Model objects produced by xgb.train() have class xgb.Booster, while model objects produced by xgboost() have class xgboost, which is a subclass of xgb.Booster. Their predict methods also take different arguments - for example, predict.xgboost has a type parameter, while predict.xgb.Booster controls this through binary arguments - but as xgboost is a subclass of xgb.Booster, methods for xgb.Booster can be called on xgboost objects if needed.

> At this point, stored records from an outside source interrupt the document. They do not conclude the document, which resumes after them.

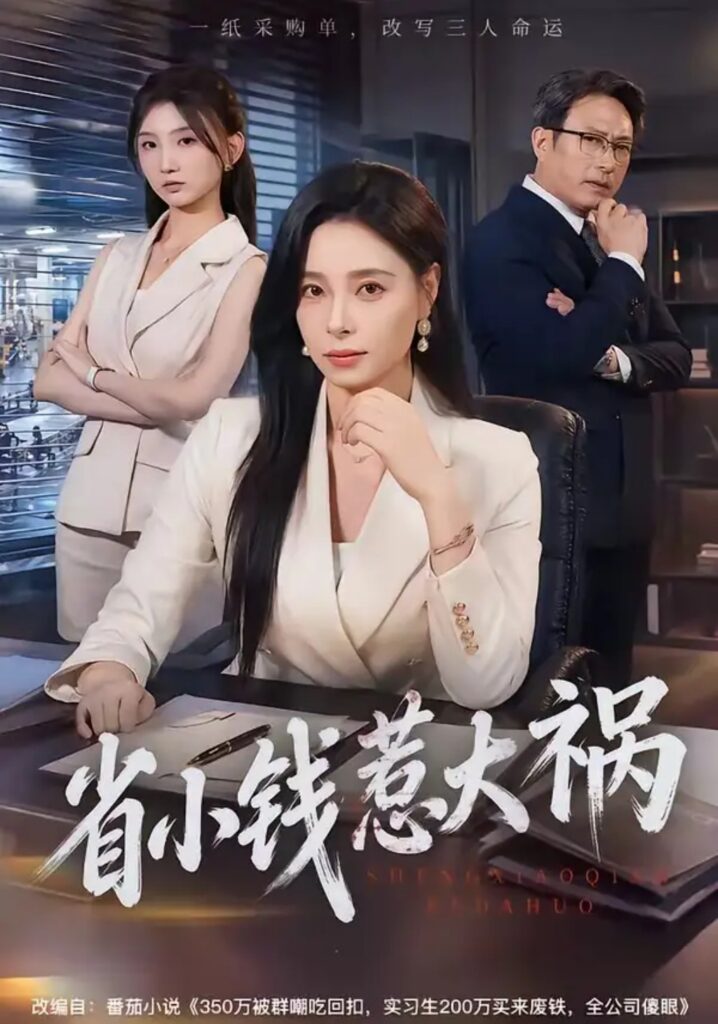 《省小钱惹大祸》短剧全集完整版免费观看-看电影短剧网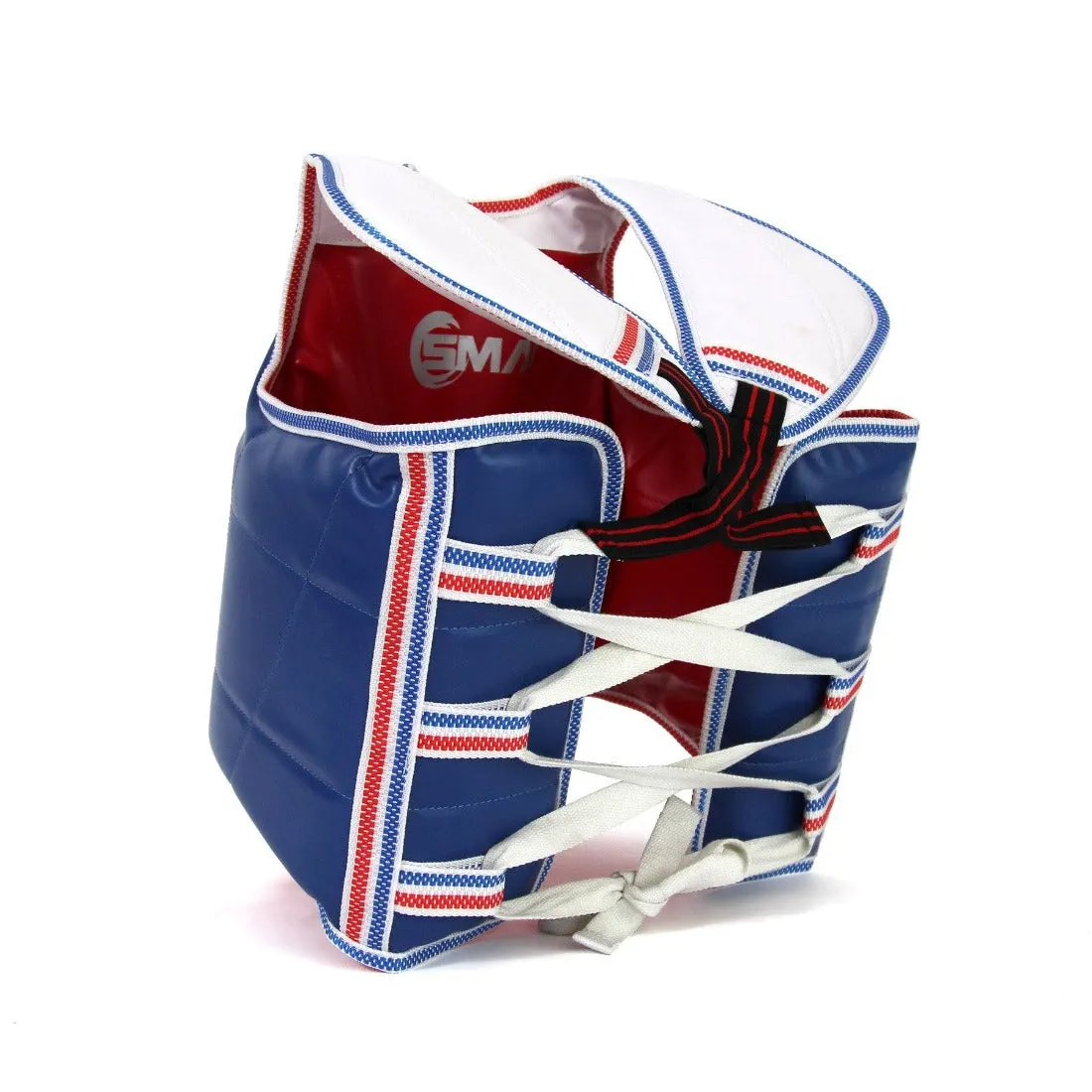 Taekwondo Chest Guard - Reversible Smai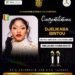 Culture:Djélykaba Bintou sacrée l’artiste la plus influente de l’Afrique de l’Ouest et meilleure communauté.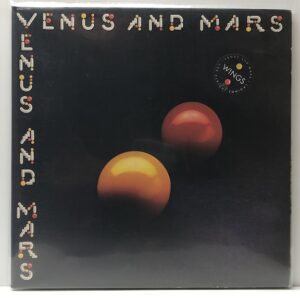 Venus and Mars (USED LP)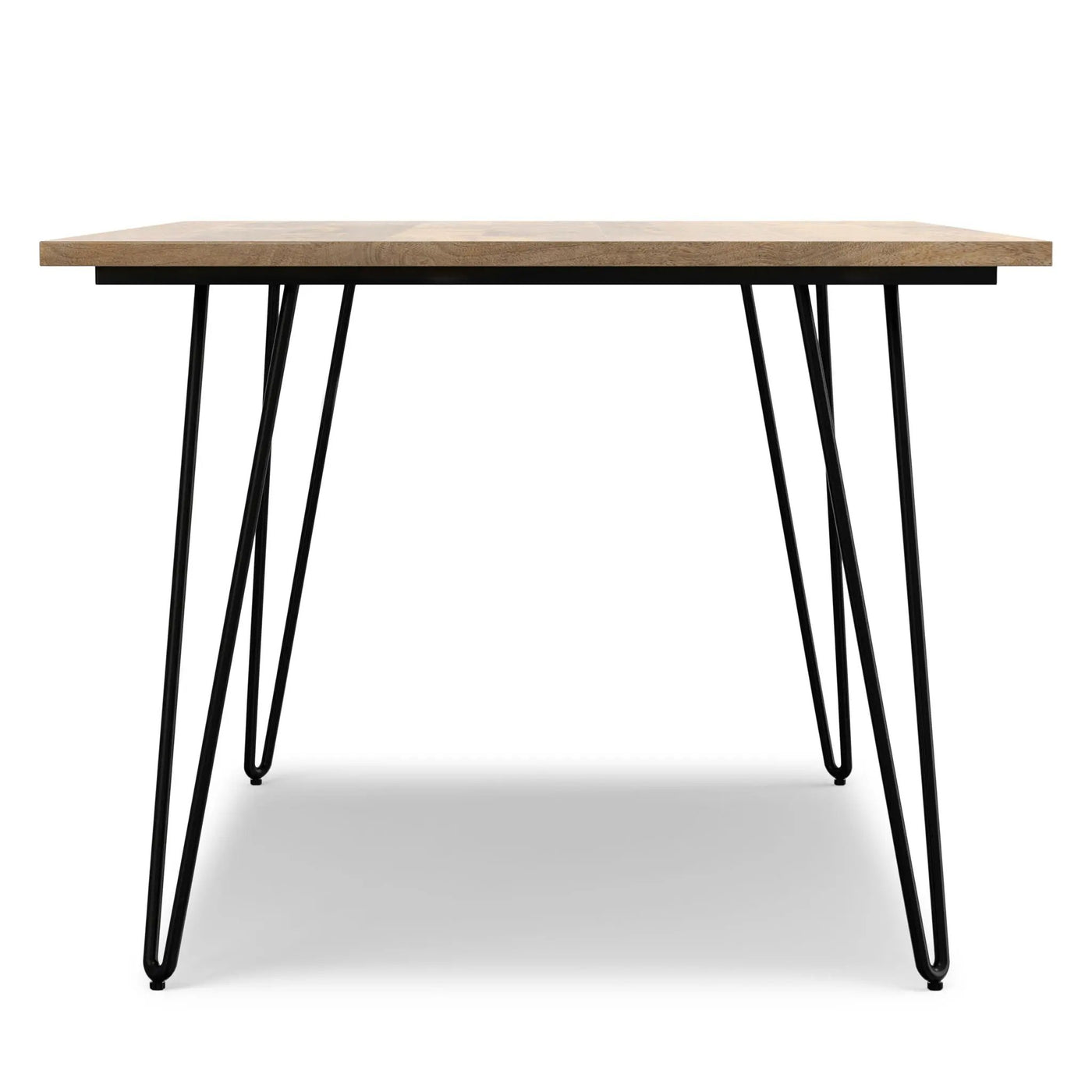 Hunter - Square Tabletop Dining Table by Unique Piece Furniture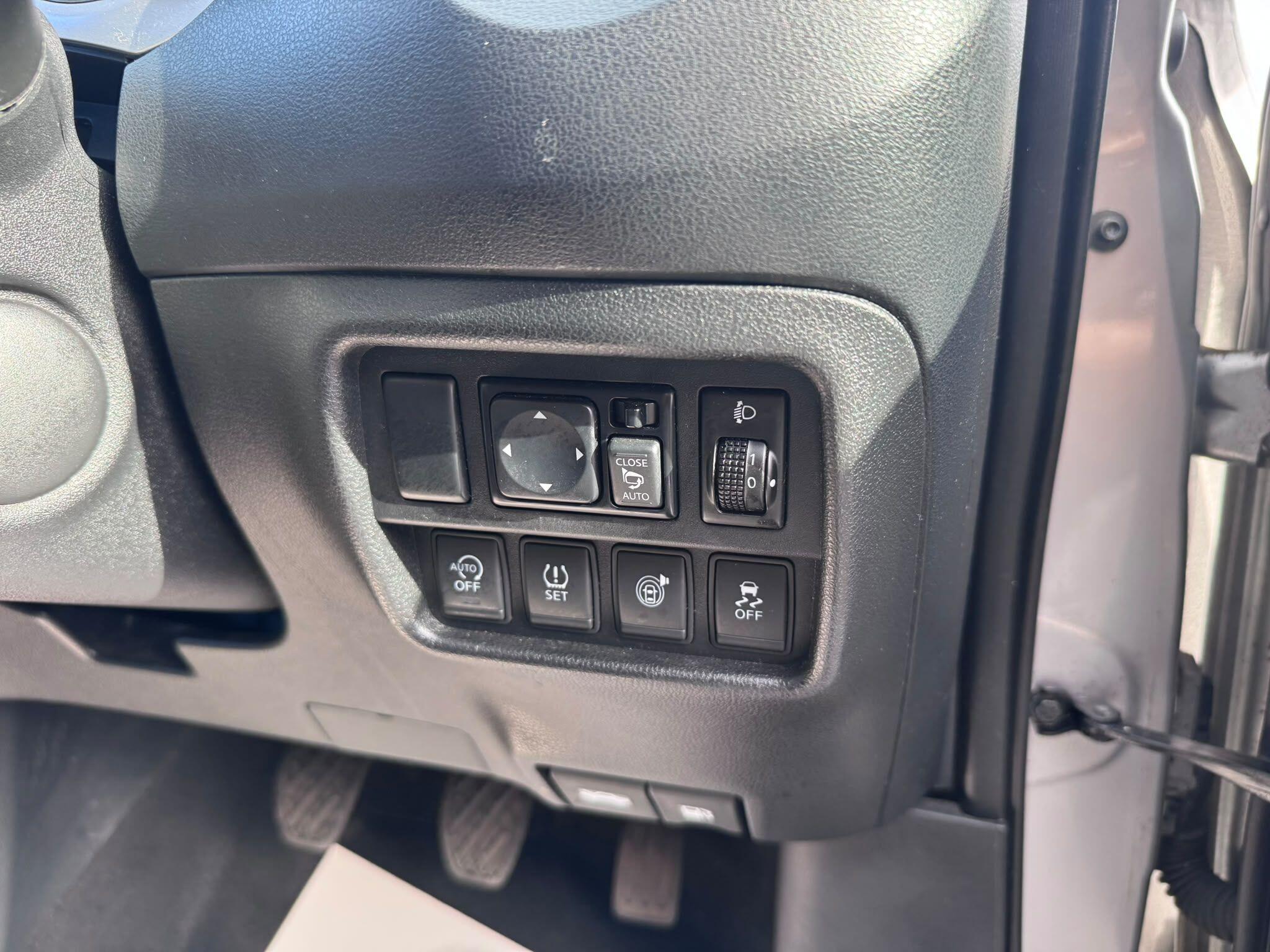 Nissan Juke view 25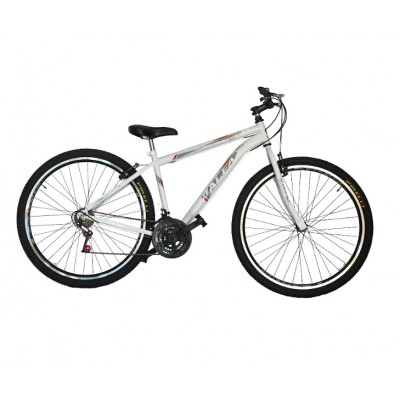 BICICLETA ACO 29 BRANCO 18V UN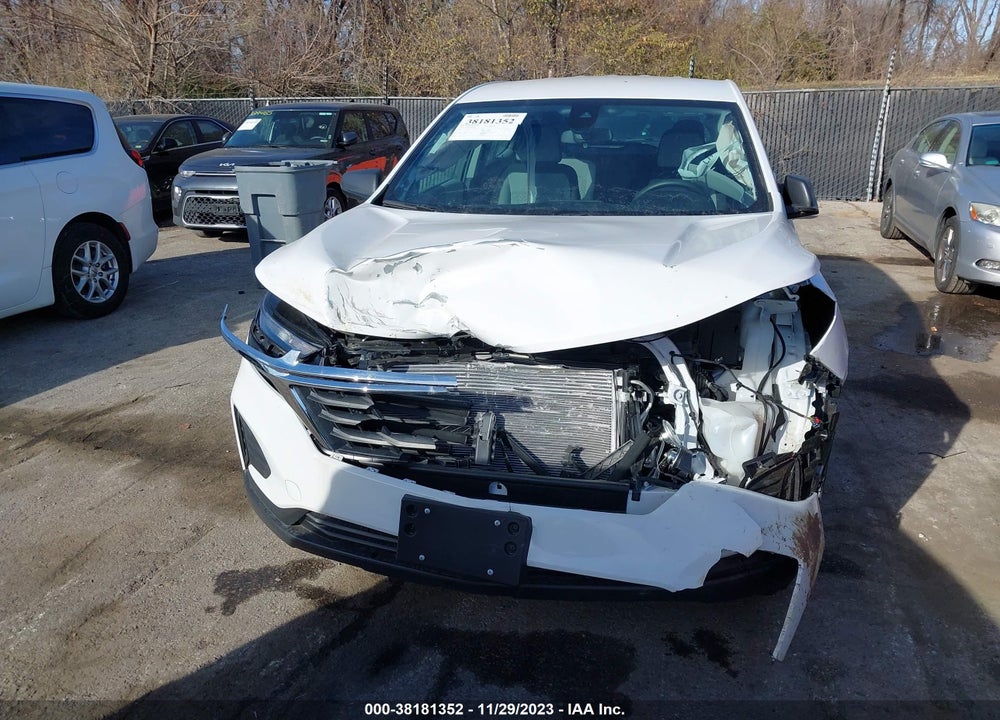 2023 CHEVROLET EQUINOX AWD 1FL VIN: 3GNAX5EGXPL259084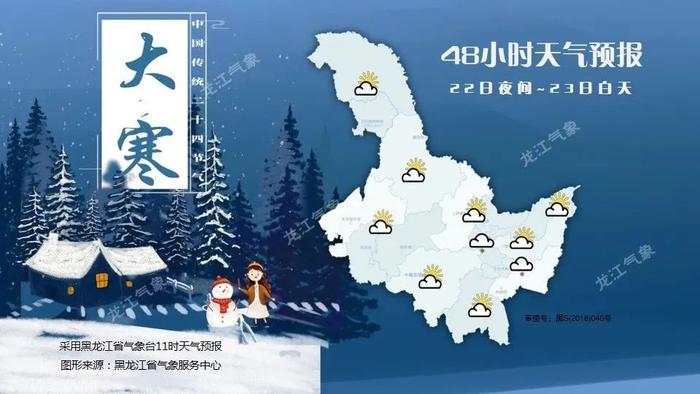 鸡西天气(未来60天精确天气预报)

Utility functions in the XGBoost R package will work with both model classes - for example:

xgb.importance(model)
##    Feature      Gain     Cover Frequency
##     <char>     <num>     <num>     <num>
## 1:     len 0.7444265 0.6830449 0.7333333
## 2:    dose 0.2555735 0.3169551 0.2666667
xgb.importance(booster)
##                            Feature         Gain        Cover  Frequency
##                             <char>        <num>        <num>      <num>
##  1:                      odor=none 0.6083687503 0.3459792871 0.16949153
##  2:                stalk-root=club 0.0959684807 0.0695742744 0.03389831
##  3:                     odor=anise 0.0645662853 0.0777761744 0.10169492
##  4:                    odor=almond 0.0542574659 0.0865120182 0.10169492
##  5:               bruises?=bruises 0.0532525762 0.0535293301 0.06779661
##  6:              stalk-root=rooted 0.0471992509 0.0610565707 0.03389831
##  7:        spore-print-color=green 0.0326096192 0.1418126308 0.16949153
##  8:                      odor=foul 0.0153302980 0.0103517575 0.01694915
##  9: stalk-surface-below-ring=scaly 0.0126892940 0.0914230316 0.08474576
## 10:                gill-size=broad 0.0066973198 0.0345993858 0.10169492
## 11:                   odor=pungent 0.0027091458 0.0032193586 0.01694915
## 12:           population=clustered 0.0025750464 0.0015616374 0.03389831
## 13:  stalk-color-below-ring=yellow 0.0016913567 0.0173903519 0.01694915
## 14:        spore-print-color=white 0.0012798160 0.0008031107 0.01694915
## 15:             gill-spacing=close 0.0008052948 0.0044110809 0.03389831

While xgboost() aims to provide a user-friendly interface, there are still many situations where one should prefer the xgb.train() interface - for example:

  • For latency-sensitive applications (e.g. when serving models in real time), xgb.train() will have a speed advantage, as it performs fewer validations, conversions, and post-processings with metadata.
  • If you are developing an R package that depends on XGBoost, xgb.train() will provide a more stable interface (less subject to changes) and will have lower time/memory overhead.
  • If you need functionalities that are not exposed by the xgboost() interface - for example, if your dataset does not fit into the computer’s RAM, it’s still possible to construct a DMatrix from it if the data is loaded in batches through xgb.ExtMemDMatrix().